But like I said, it'd take a bitter person to deny them that.

It wouldn't. Are the players prepared to put the association into bankruptcy so they can be paid?

Reillers

#93
Quote from: INDIANA on May 01, 2010, 12:29:37 AM
Quote from: Reillers on April 30, 2010, 11:28:39 PM
Quote from: INDIANA on April 30, 2010, 11:26:20 PM
Quote from: Reillers on April 30, 2010, 11:23:08 PM
Quote from: Milltown Row2 on April 30, 2010, 11:16:42 PM
Is a bloody crazy situation that we have so called Gaels on here wanting to give inflated egos money to run around a pitch and play a sport which is a amateur sport.

no one makes any real money. if you want a job in Gaa then become a coach for the Gaa. tea
ch school kids and work for the clubs to keep this tradition alive, but to claim that  your the one thats bring 80 thousand people to Croke, and you deserve money for that is ridiculous, that something that people have been doing for over 100 years!!!! and hopefully for an other 100 years

Would you have a problem of, say €3.75 of a 75 euro ticket for the AI final going to a player who put in that type of performance?
Would you have a problem with €3.75 going to Henry Shefflin after playing like that in an AI final?
Yep I would. Reward the elite Reillers. Forget about the poor sods in Carlow and these places. Then again thats the GPA and the Cork hurlers all over isn't it? At least if you're going to promote professionlism Donal at least do it properly.
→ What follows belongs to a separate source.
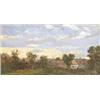 Image 1 : Szlányi Lajos (Pest, 1869 - Budapest, 1949) Alkonyi táj…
I said ignore everything else. Forget about all of that, would you have a problem seeing  about €4 of your money of that €75 ticket going towards the players or something that helped out the players, players that include IC players, Carlow included.
But like I said, it'd take a bitter person to deny them that.

It wouldn't. Are the players prepared to put the association into bankruptcy so they can be paid?

I wonder if you read any of my posts, or if you just go through them and randomly pick a few words to rant at.
I said that no matter what anyone did or didn't want, pay for play wise, it would never happen because we would never be able to afford it.
And like I said, that €3.75 from a €75 ticket, that 5% to go towards helping players was the GPA's plan not so long ago. And that idea has nothing to do with paying the players. Just a helping hand if a player should need it.

And like I said, I'm not promoting it but I'd live with it. And it says a lot about people if they're that bitter that they'd resent giving about €3 of their ticked to a player like Henry Shefflin or a young player like Joe Canning, who it could help out a lot if it was needed.

theskull1

reillers why dont you broaden the premise of your argument to include all dedicated administrators and coaches in clubs? What about a few quid for them as well...is there anyone else we'd need to think of?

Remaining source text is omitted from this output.